Example: You confide about your relationship problems and they act sympathetic. They’ll take all that information and go behind your back and verbatim tell your significant other everything that you’ve said, add more, add lies to it. Next thing you know they cut you off and take your significant other. Months later you get an invite to their baby shower.

Thankfully to my hyper-vigilance, I’ve never come across this type of friendship. Oh but have I seen my friends go through some shit with people like this. Run away and don’t look back.  


*Pillars of Friendship 

Everybody has a different mantra of what defines a friendship, but everybody should have an understanding that friendships are not about counting favors, they are about bringing value to your life. 

My pillars have not really changed, but my patience for people who can’t uphold them has. I am not a young 21-year-old so therefore my boundaries and limitations are clear in friendships. I am not cynical- I value my time and serenity, and if it doesn’t serve me I cut it out faster before they even realize it. I don’t lose sleep over people that don’t add value to my life. 

My pillars in friendship are:

Honesty

Caring 

Loyalty

Accountability


I value friendships where honesty is valued even when it’s not what you want to hear. I will stand 10 toes down on what I say. I don’t back-peddle on what I say, and I expect the same energy back. The point of being honest is never with the intent to hurt egos, is to be direct about an issue that will allow a space of discomfort that leads to understanding and growth.

To be caring is to always want the most positive outcome for you. When you need that extra hand, I got you. In friendships, you see kindness in, acts of service and words of affirmation.

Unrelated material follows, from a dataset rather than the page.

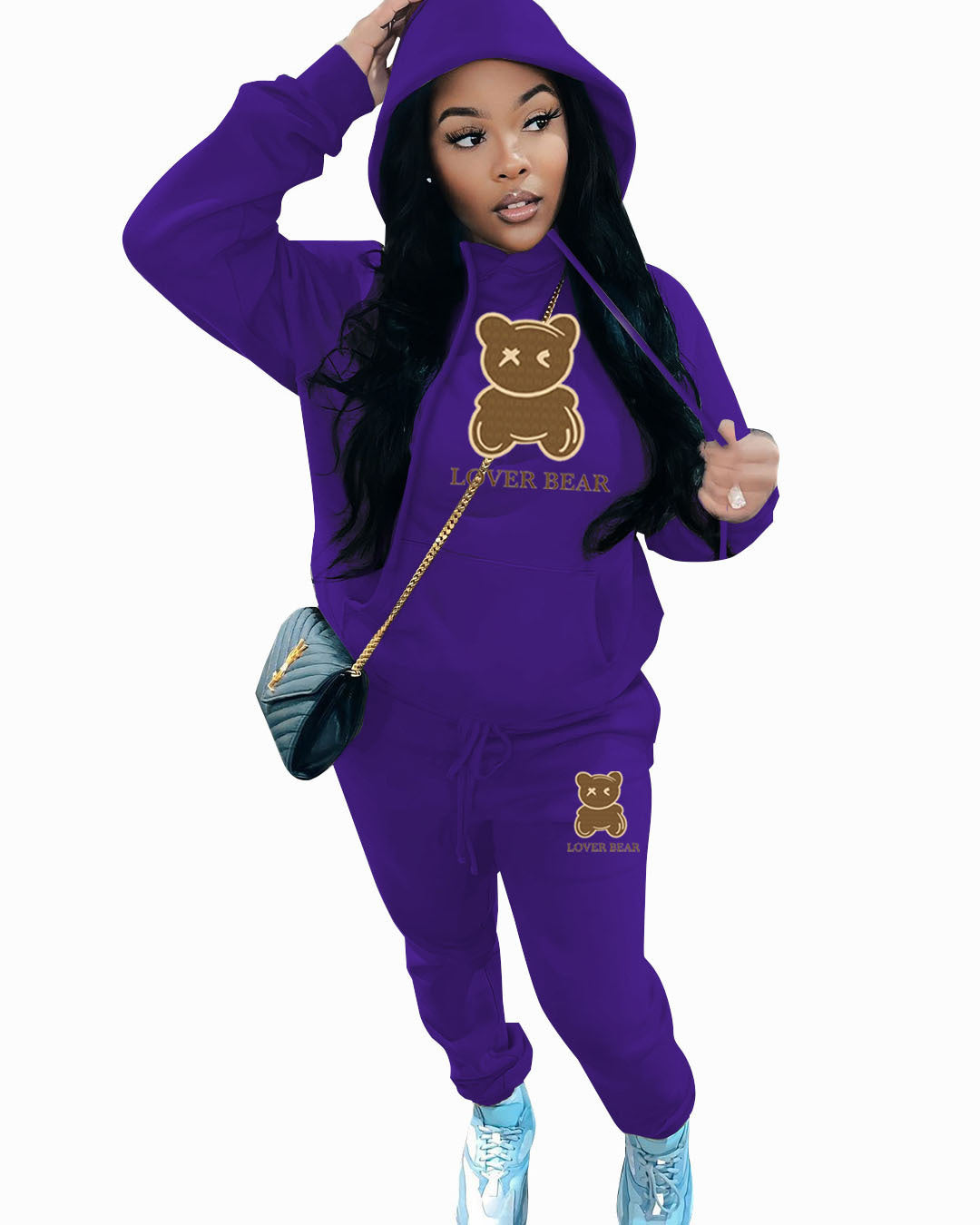 Lover Bear Sweatsuit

To establish loyalty is to maintain allegiance to the friendship. If you can’t maintain your strength I will step in to guard you and show out for you. Often people confuse this with being there and enabling bad behavior; that’s a fallacy of the trait. 

Accountability is core to the friendship. A friendship cannot develop and flourish if you can’t admit your flaws in the friendship and remedy them. You have to stand and own your shit and apologize if you’ve tainted the friendship. 


*Self-reflection

Different chapters in my life have propelled me to be the enabler, the ideal, the teacher, and the bff. 

I’ve been that enabler friend that has enjoyed getting into crazy shit, rationalized it that if I influenced others to hop on to my sinking ship with me; at least we’ll sink together but we’ll have fun drowning. That was definitely a moment in my life when I only lived in the “now”. I had negative behavioral patterns that I often advertised as unpredictable and joyful.  I encouraged people to join into my life of poor choices in hopes we’ll live through some wild shit together, and we did, and sometimes we paid for it in unforeseeable ways. Sometimes I got resistance from my friends where some logic crept in them and then I’ll say something to the effect “Did you have fun? Did you die? So then what’s the problem! Man the fuck up”.  As a teenager, there was no greater danger than me and my ego, being the enabler friend that I was,  I put my people in unsafe situations. I feel remorse for those friendships that I have tainted and as an adult that’s a hard pill to swallow.  

But through trial and error, life-changing events, karmic moments, and personal growth I’ve learned that time is limited and that friendships are reciprocal and sacred. Not everyone has your best interest at heart, we are all flawed in different ways, but it’s about finding people who can genuinely allow you to feel discomfort, love, and consistency, that is what propels friendships.


Take Inventory of Yourself:

So, what type of friend are you?

How do people perceive you?

What behavioral patterns can you identify in yourself, are they detrimental or beneficial?

How many friends do you have?

Are these people really your friends?

What binds your friendships?

How long have you been invested in these friendships?